Dr. Newman calculated the number needed to LP to identify one SAH for which an intervention was indicated to be 700, prompting the question “are you part of the ‘700 Club’?” Should any of us be part of the 700 Club?

Clinical Question: In emergency department acute headache patients, how frequently does LP diagnose SAH after unremarkable CT scan?

Reference: Sayer et al. An Observational Study of 2248 Patients Presenting with Headache, Suggestive of Subarachnoid Hemorrhage, that Received a Lumbar Puncture Following a Normal CT Head.  Acad Emerg Med Nov 2015

  • Population: Adult patients (2248 total, >17 years old) presenting to one of six urban EDs in the United Kingdom with acute headache suspicious for subarachnoid hemorrhage, who had both a negative CT and a lumbar puncture performed.
  • Intervention: LP to achieve identification of CT-negative SAH patients
  • Comparison: None
  • Outcome: Incidence of positive LP (defined only by spectrophometric detection of bilirubin, not by any CSF RBC count) and proportion with cerebral aneurysm identified

Authors Conclusions: In patients presenting to the emergency department with acute, non-traumatic severe headache, LP to diagnose or exclude SAH after negative head CT has a very low diagnostic yield, due to low prevalence of the disease and uninterpretable or inconclusive samples. A clinical decision rule may improve diagnostic yield by selecting patients requiring further evaluation with LP following non-diagnostic or normal non-contrast CT brain imaging.

Quality Checklist for A Diagnostic Study:

  1. checklistThe clinical problem is well defined.
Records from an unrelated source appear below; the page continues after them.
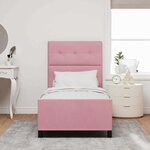 vidaXL Lit à ressorts avec tête de lit Rose 90 x 200 cm Velours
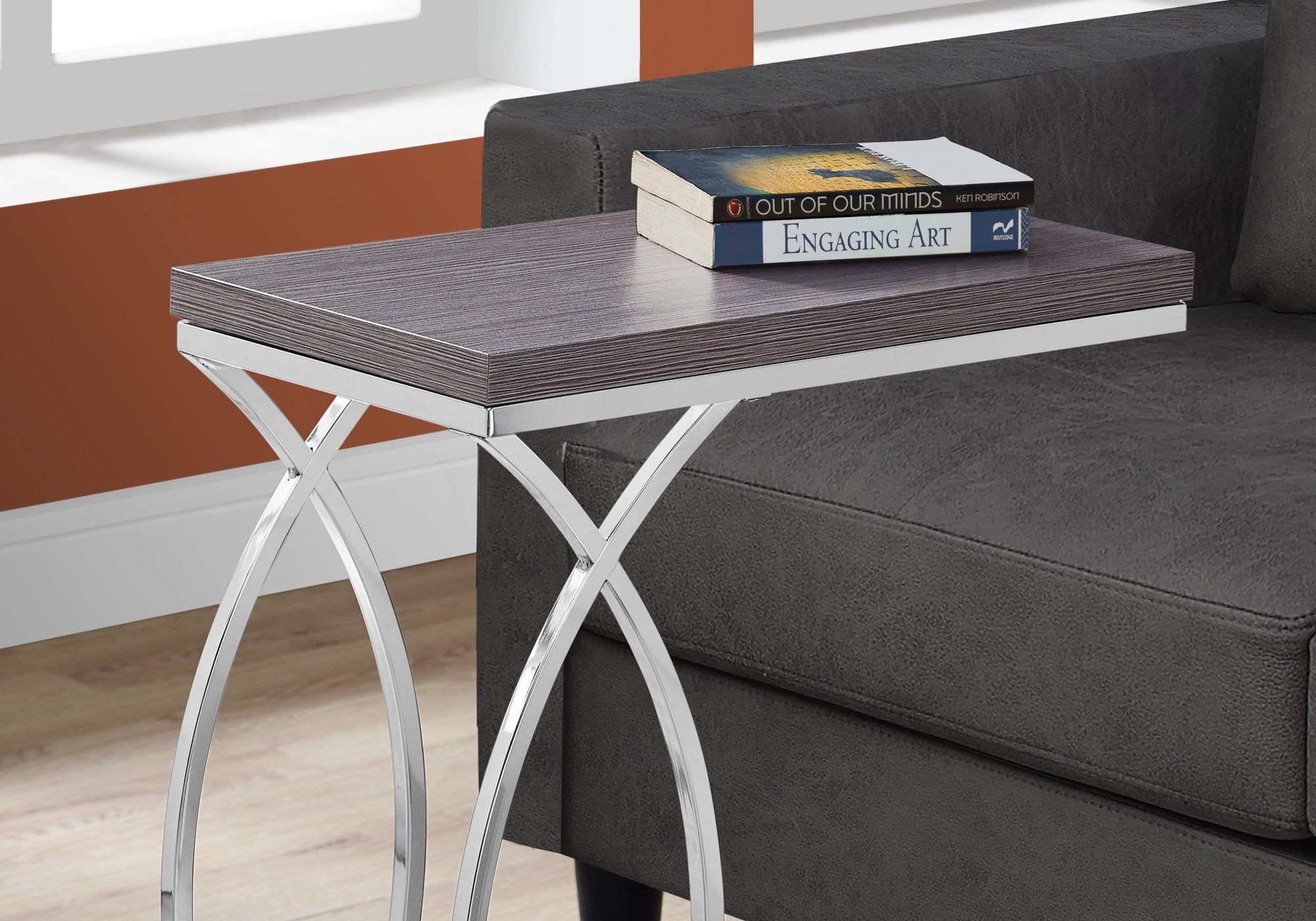 Accent Table - Grey With Chrome Metal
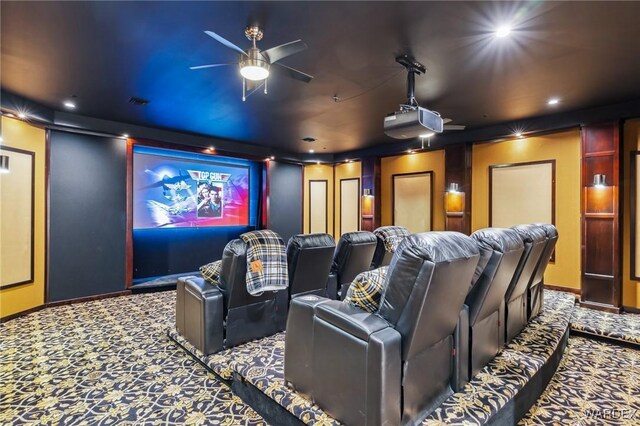 cinema room featuring carpet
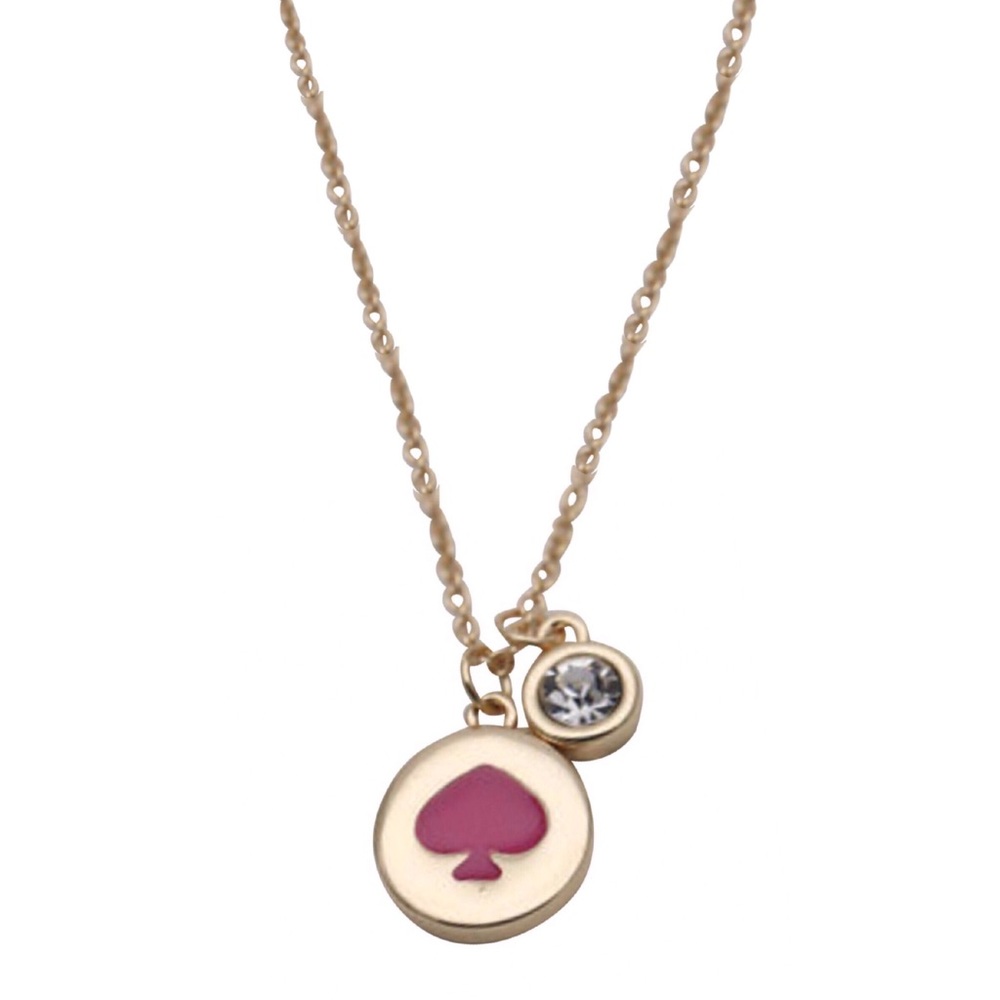 KATE SPADE • Hot Pink Spot The Spade Necklace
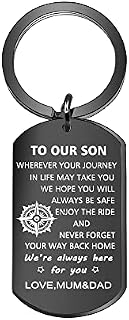 ROYCCG Son Keyring Keychains Keyfob for Mens Son Gifts from Mum and Dad Motivation Keyring for Son's Graduation Birthday Present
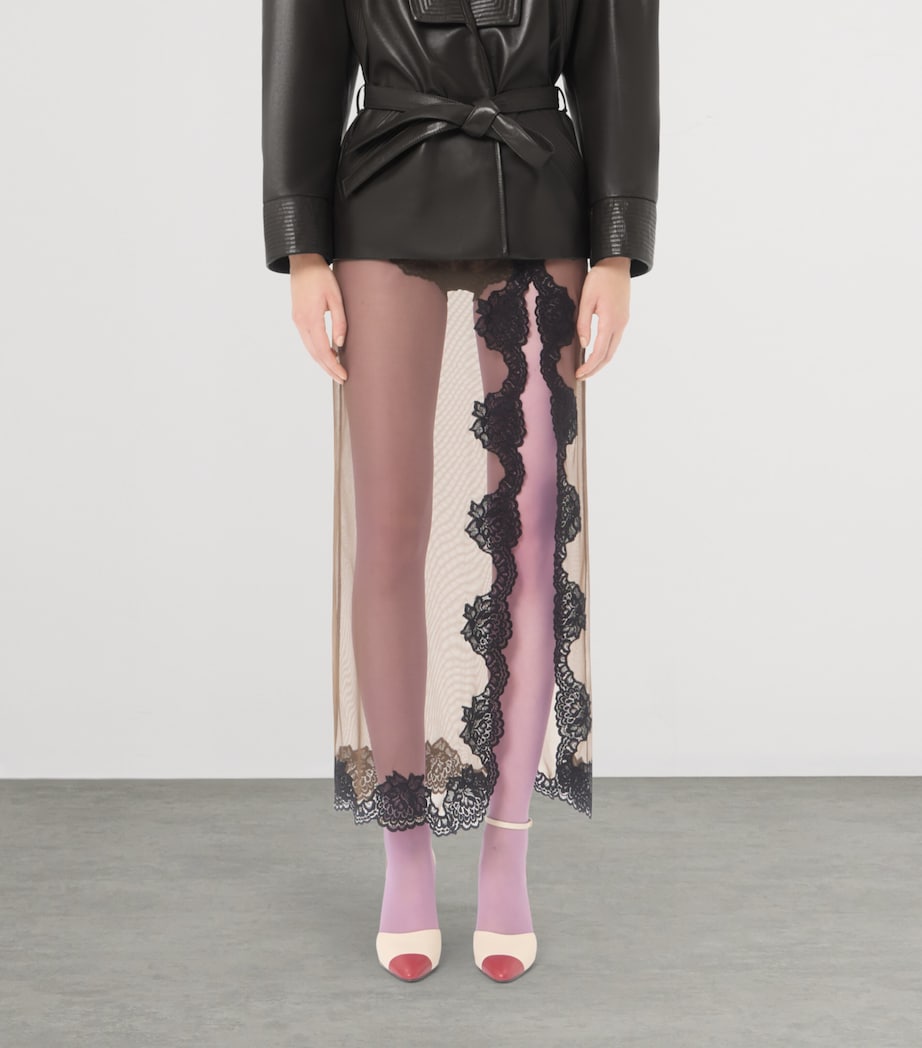 Valentino Womens Sheer Lace-Trim Maxi Skirt Jbm Image 3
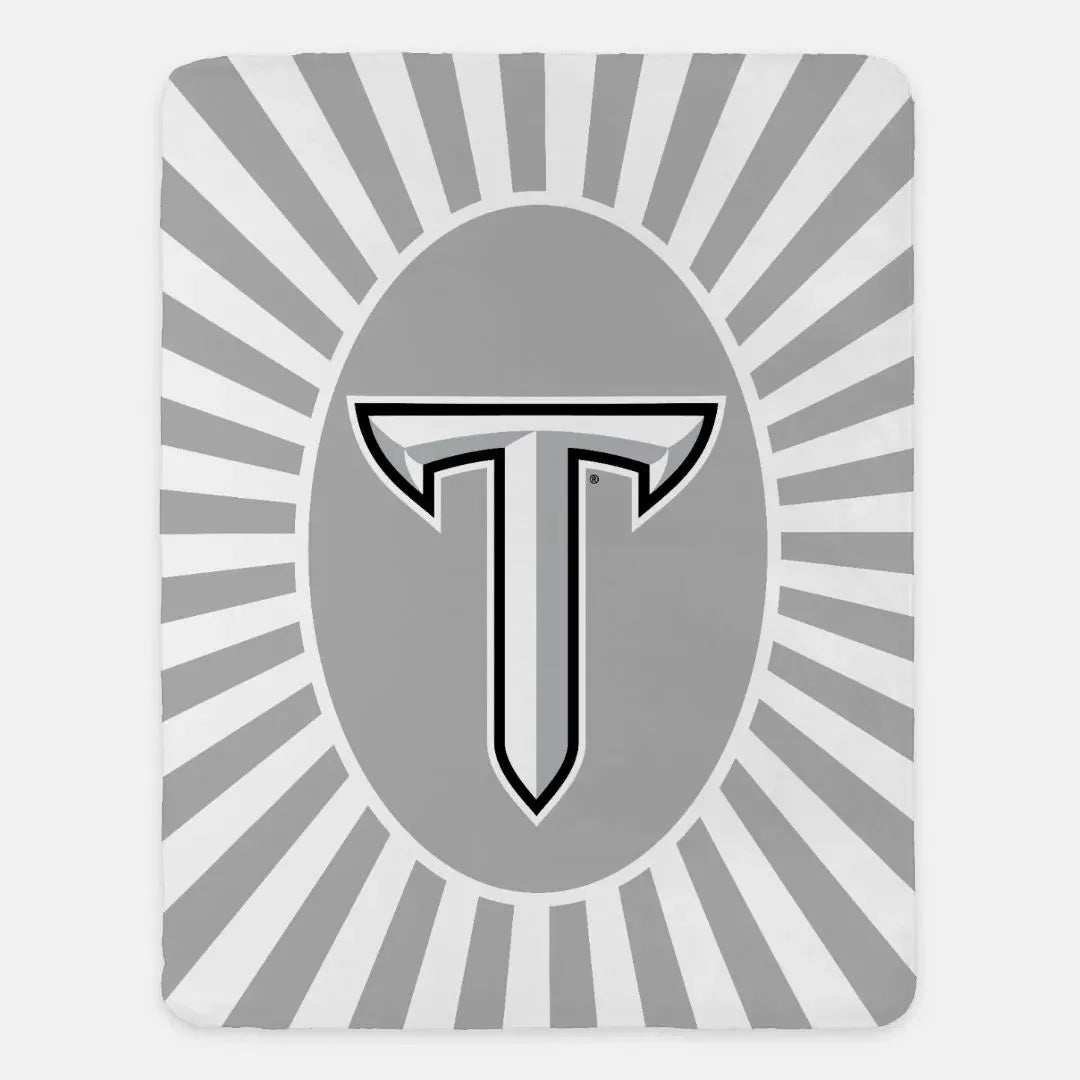 Troy University XL 60x80 Sherpa Blanket - Gray Starburst Throw Blankets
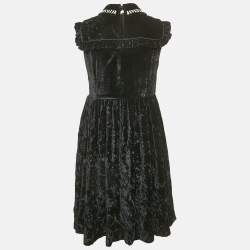 Miu Miu Black Embellished Velvet Ruffled Mini Dress S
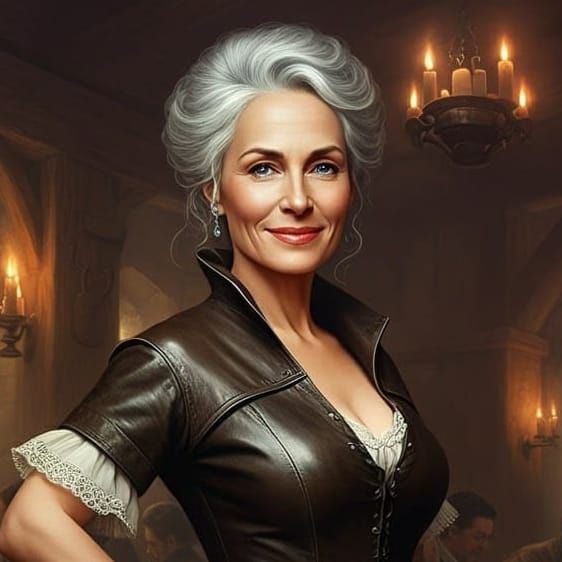 Elegant Woman in Leather Jerkin, Gustave Doré Style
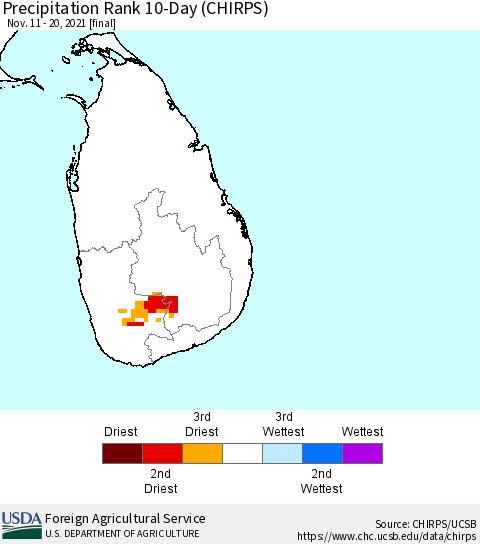 Sri Lanka Precipitation Rank since 1981, 10-Day (CHIRPS) Thematic Map For 11/11/2021 - 11/20/2021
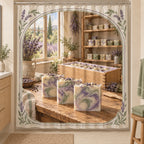 Soapmaking Lavender Atelier Shower Curtain with original printed optical 3D artwork
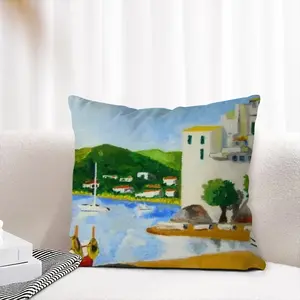 Cadaques (Spain) Linen Throw Pillow (Multi-Size)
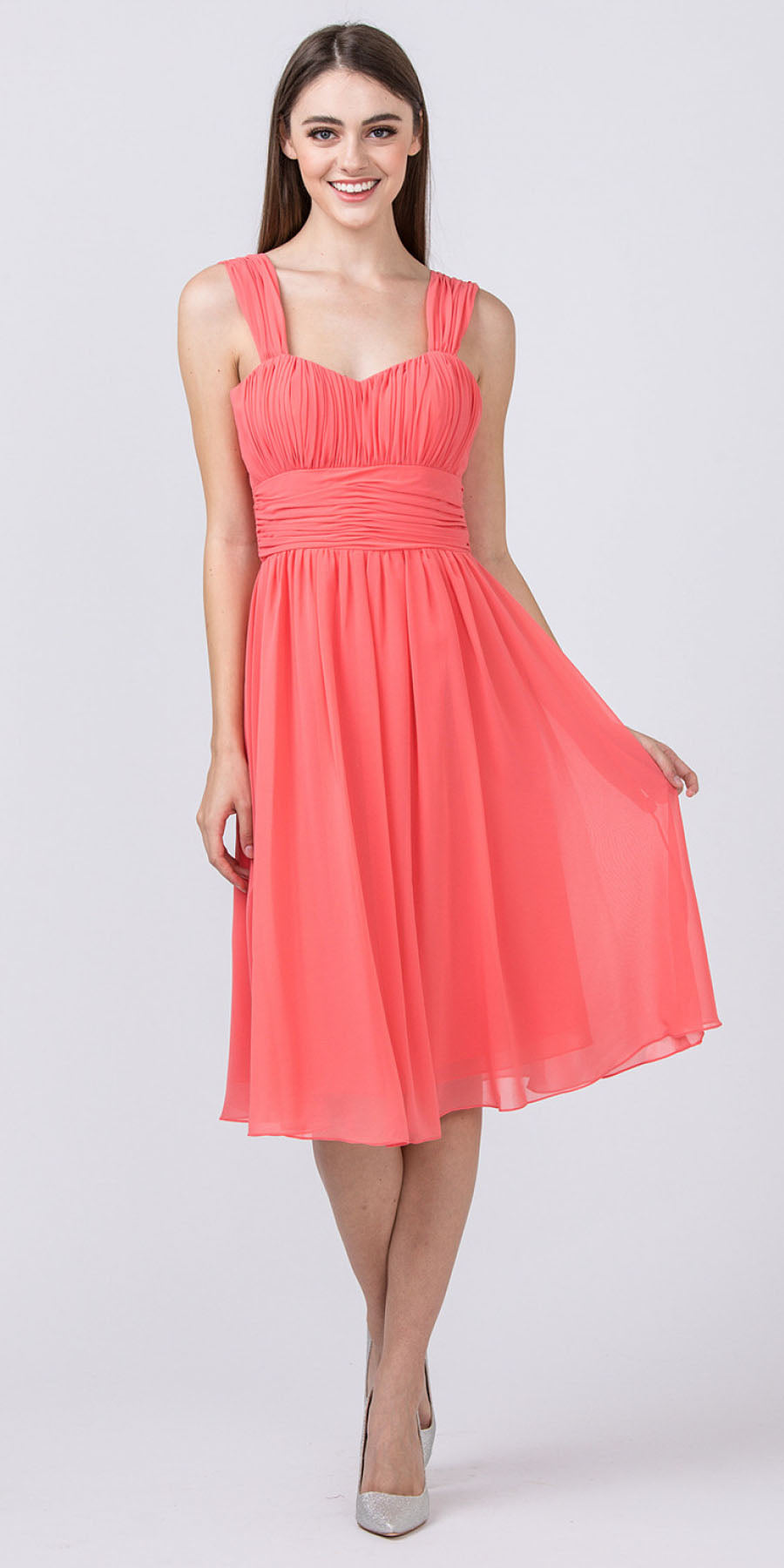 Ruched-bodice short dress, coral sleeveless with gathered waist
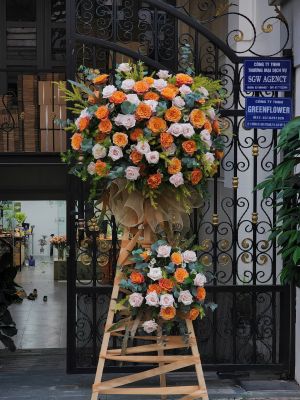 KỆ HOA KHAI TRƯƠNG CAM HỒNG - LỜI CHÚC THÀNH CÔNG RỰC RỞ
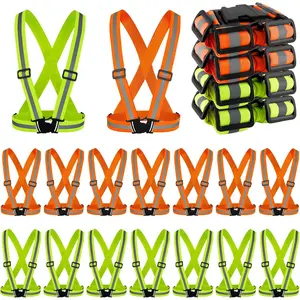 20 Pcs High Visibility Reflective Safety Vests | Adjustable Lightweight Gear for Running & Construction | Green & Orange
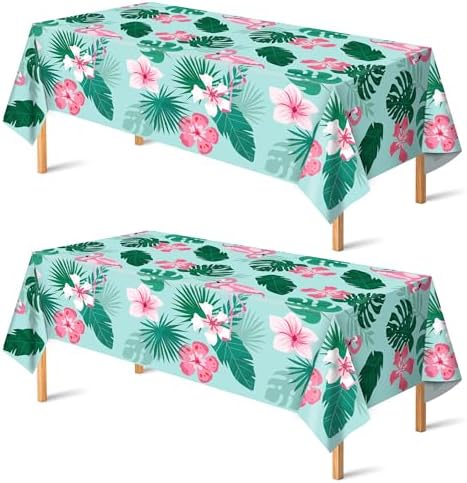 OHOME Luau Party Decorations - Plastic Tablecloth for Tropical Party Decorations | Love Island Hawaiian Themed Palm Leaves Summer Beach Favors Supplies,2 Pack by OHOME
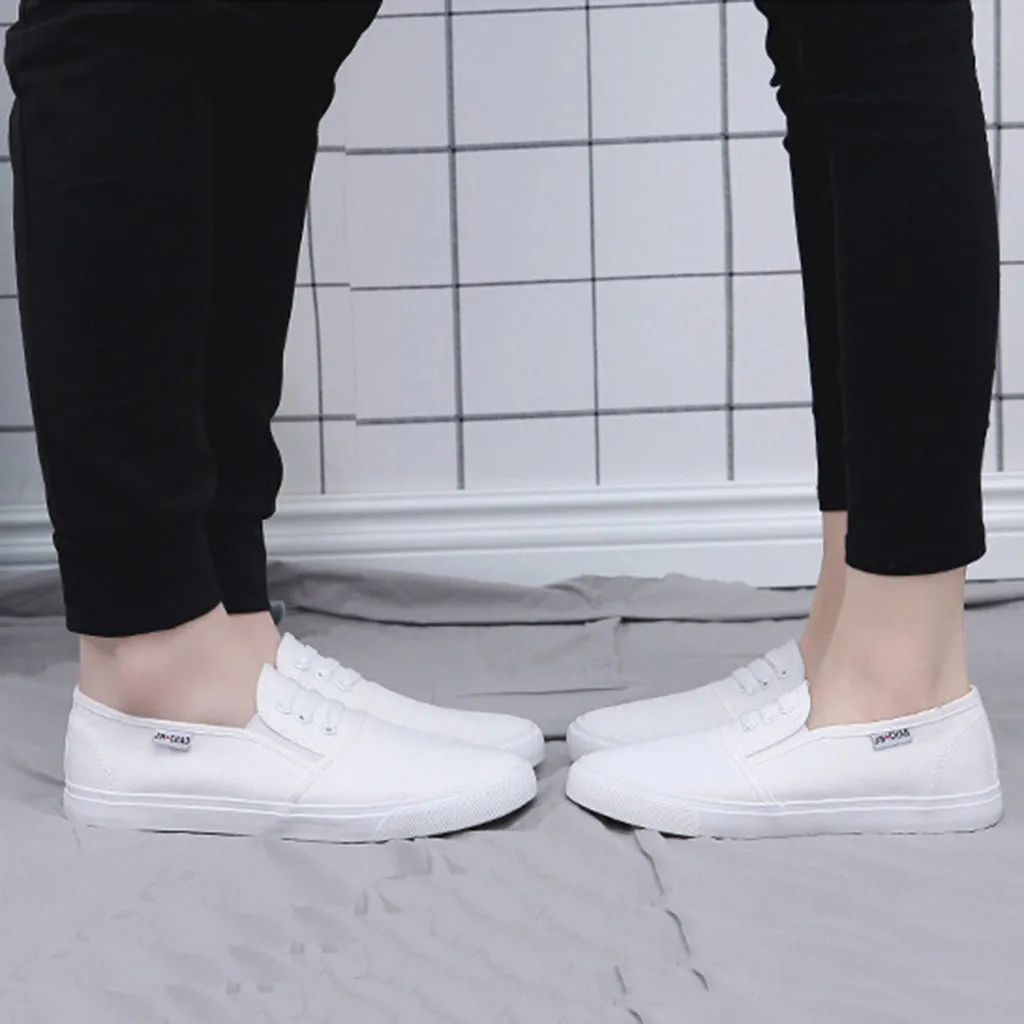 Сплошной цвет все белые мужские Спортивные Повседневные кроссовки со шнуровкой тонкая Тканевая обувь без каблука ткань мужские больших размеров обувь
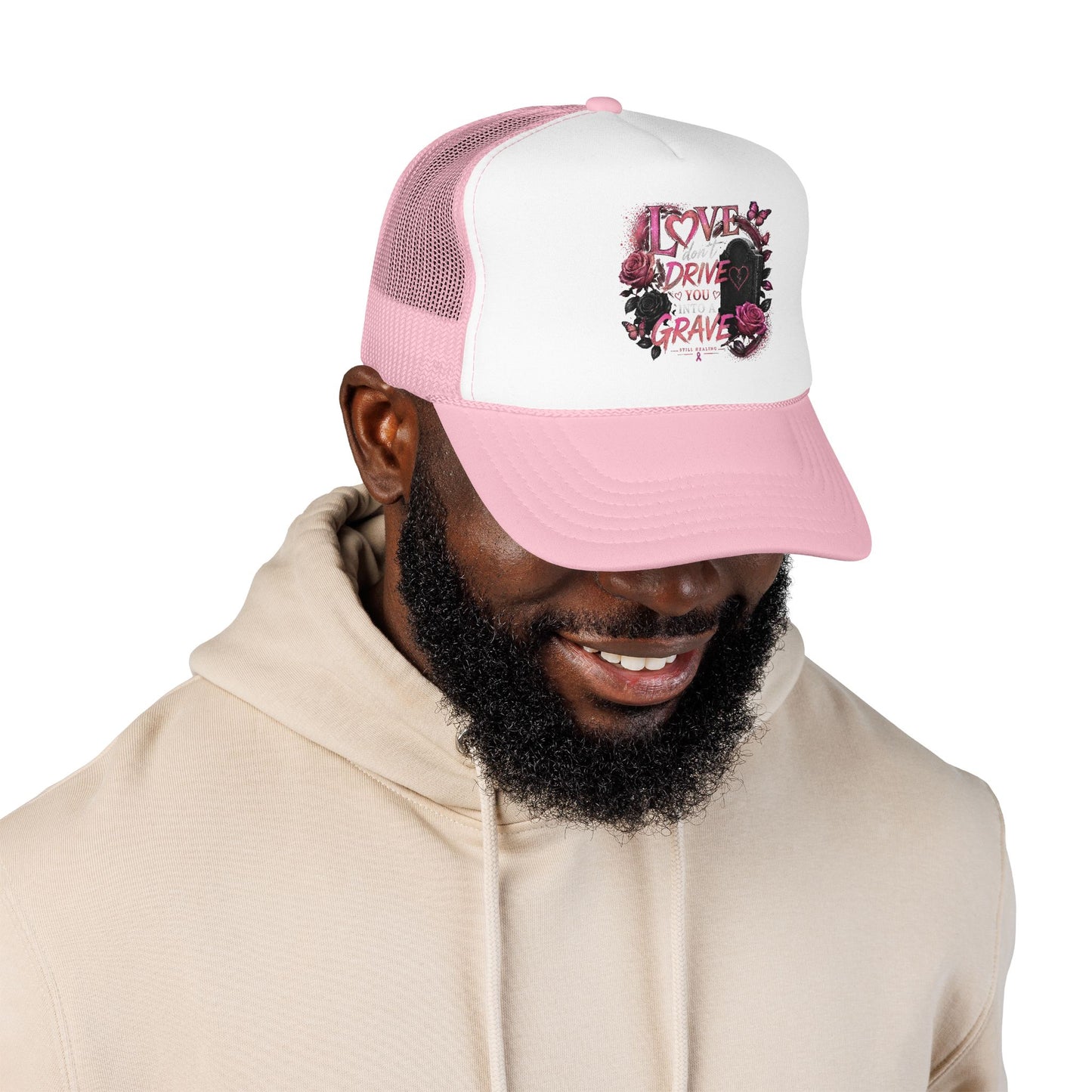 Trucker Hat — "I Love You Don't Drive Me to a Grave" Pink Gothic Heart Design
YES. Headache represents 1-2% of all ED visits and SAH is one of the most devastating etiologies of headache, yet considerable controversy exists about whether an LP is essential to rule-out the diagnosis after a “negative” CT using contemporary high-resolution scanners.
  2. The study population represents the target population that would normally be tested for the condition (ie no spectrum bias). YES. Emergency department patients with concerning headaches.
  3. The study population included or focused on those in the ED. YES
  4. The study patients were recruited consecutively (ie no selection bias). NO.  Retrospective chart review.
  5. The diagnostic evaluation was sufficiently comprehensive and applied equally to all patients (ie no evidence of verification bias). NO. Although every patient had a CT and LP, neither of these tests is the gold standard for SAH, which would be CT angiogram, traditional cerebral angiogram, MRI/MRA, or 3-month follow-up.
  6. All diagnostic criteria were explicit, valid and reproducible (ie no incorporation bias). NO
  7. The reference standard was appropriate (i.e. no imperfect gold-standard bias). YES
  8. All undiagnosed patients underwent sufficiently long and comprehensive follow-up (i.e. no double gold-standard bias). NO
  9. The likelihood ratio(s) of the test(s) in question is presented or can be calculated from the information provided. NO  There was no 2×2 data provided.
  10. The precision of the measure of diagnostic performance is satisfactory. NO

Key Results: The population was 45% male with a mean age of 41 years. Using the authors’ spectrophotometric criteria for the total population evaluated (2,248 patients), the LP results broke down as follows:

  • 4% positive
  • 13% inconclusive
  • 16% un-interpretable
  • 67% negative

Of the 92 “positive” LP results, 9 were identified with an aneurysm (9/2248 = 0.4%), which equates to 250 LPs to identify one aneurysm.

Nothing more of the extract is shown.